▸ WHAT TO DO:
From the line that contains "Logo for Daniels" to the end of the entries, copy each line exactly, though the pictures stay out.

Pictures with short captions

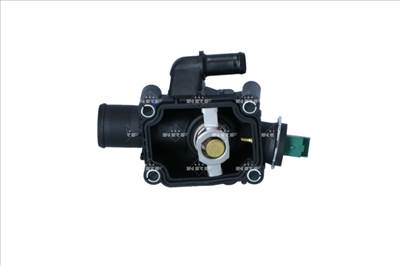 NRF 725081 - termosztát, hűtőfolyadék CITROËN PEUGEOT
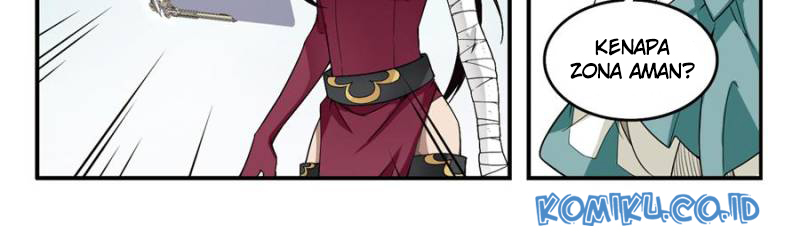 Virtual World: Close Combat Mage Chapter 62 Gambar 10
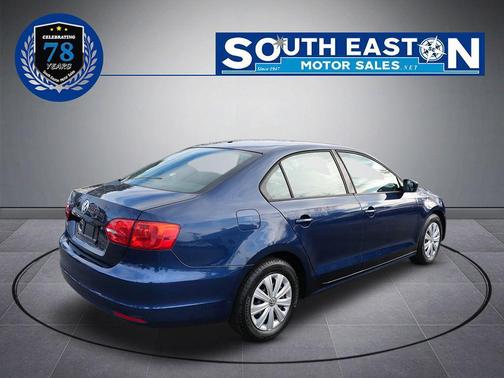 2014 Volkswagen Jetta Auto S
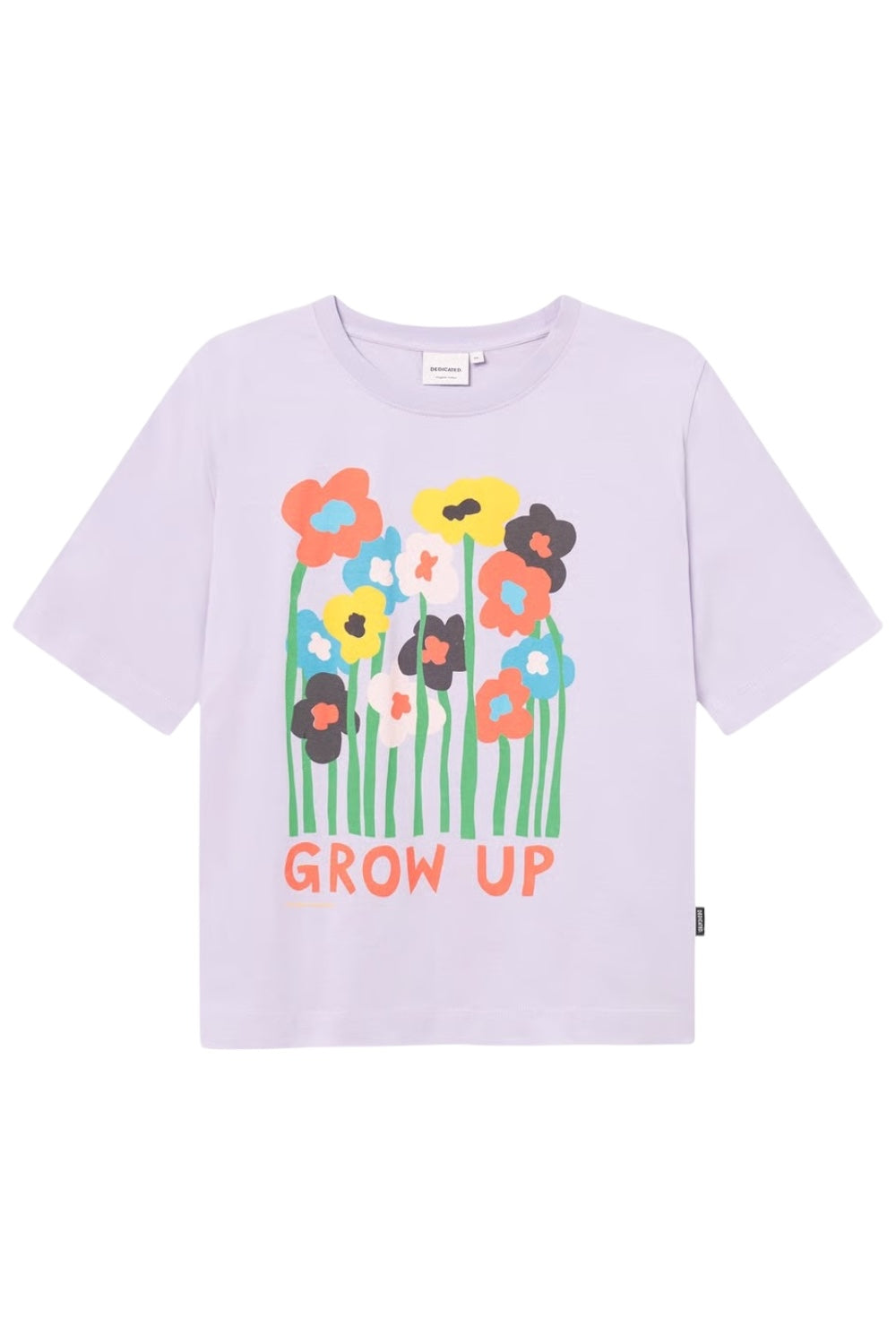 Dedicated T-shirt Vadstena Grow Up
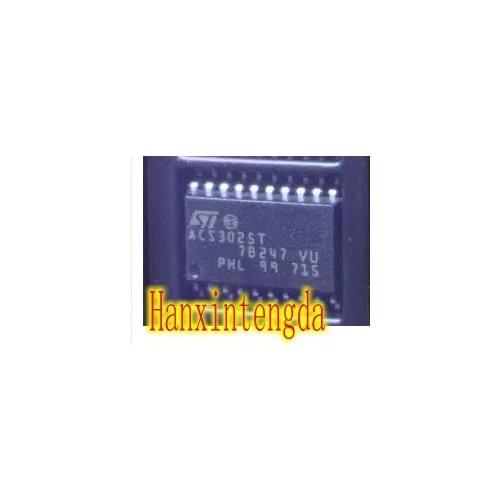 2pcs/lot ACS3025T SOP20 [SMD]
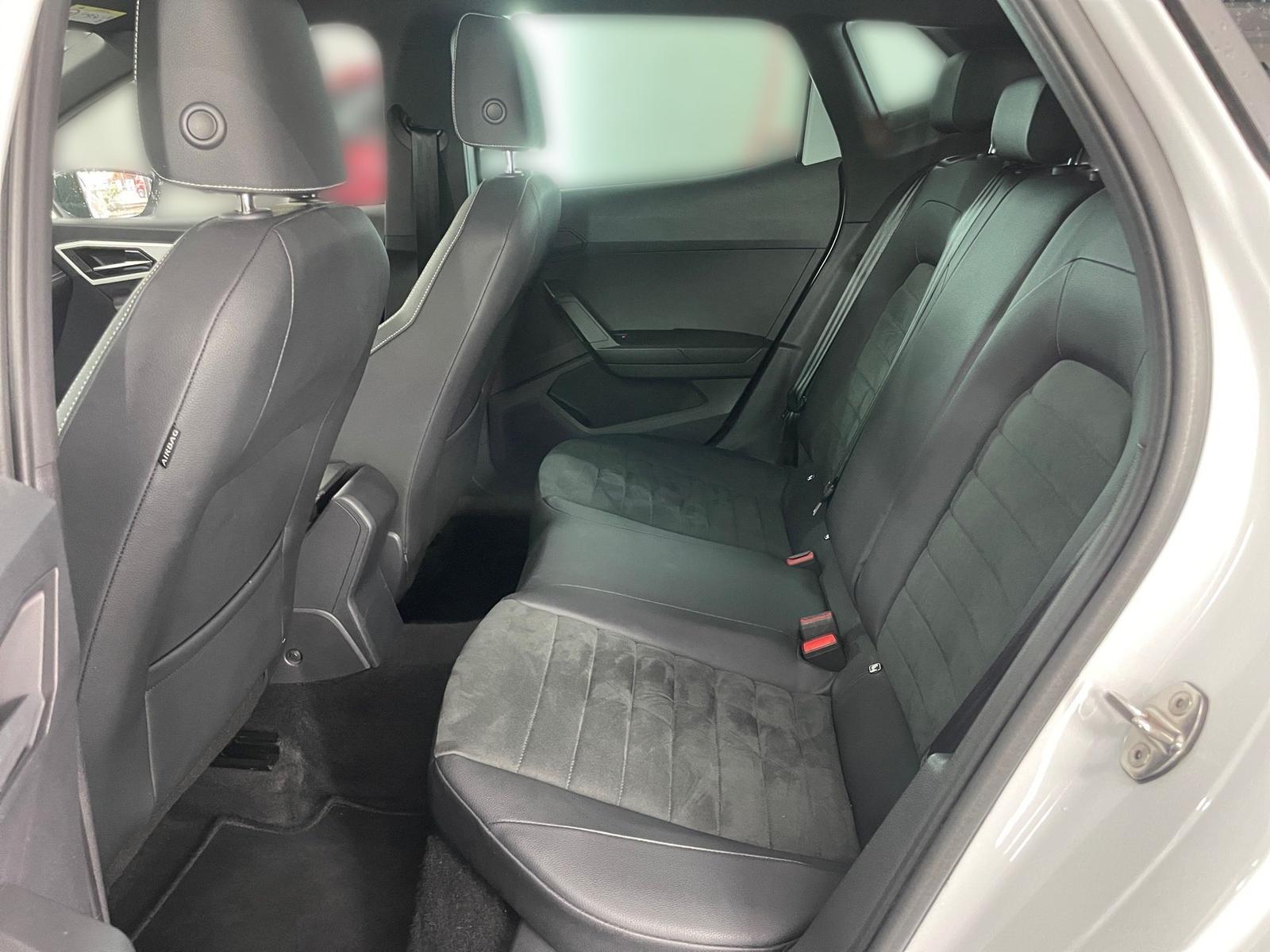 SEAT Ibiza 1.0 TSI Xcellence Navi. Klimaanlage. Rückf, миниатюра 14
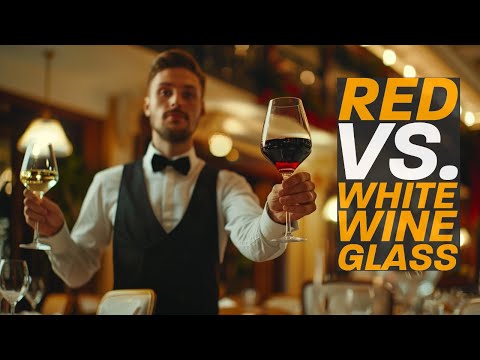 Types Of Wine Glasses: A Servers Guide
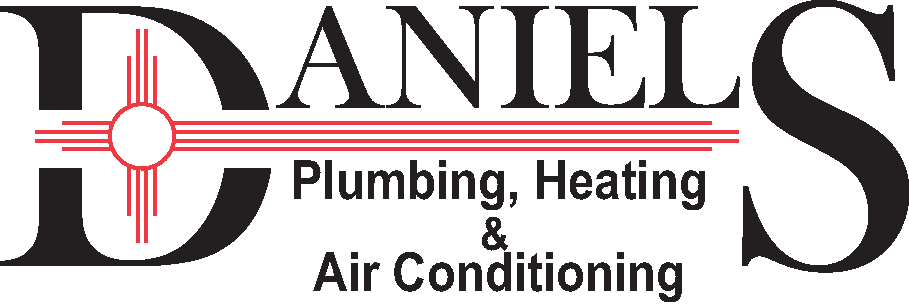 Logo for Daniels Plumbing, Heating and Air Conditioning, LLC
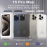 Luxury Touch L15 PRO MAX Dual Sim Smartphone(Android 13,6.61 Inch, 5G+WiFi, 512GB+12GB)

▸ EXERCISE RESPONSE:
 Logo for Daniels Plumbing, Heating and Air Conditioning, LLC
 Luxury Touch L15 PRO MAX Dual Sim Smartphone(Android 13,6.61 Inch, 5G+WiFi, 512GB+12GB)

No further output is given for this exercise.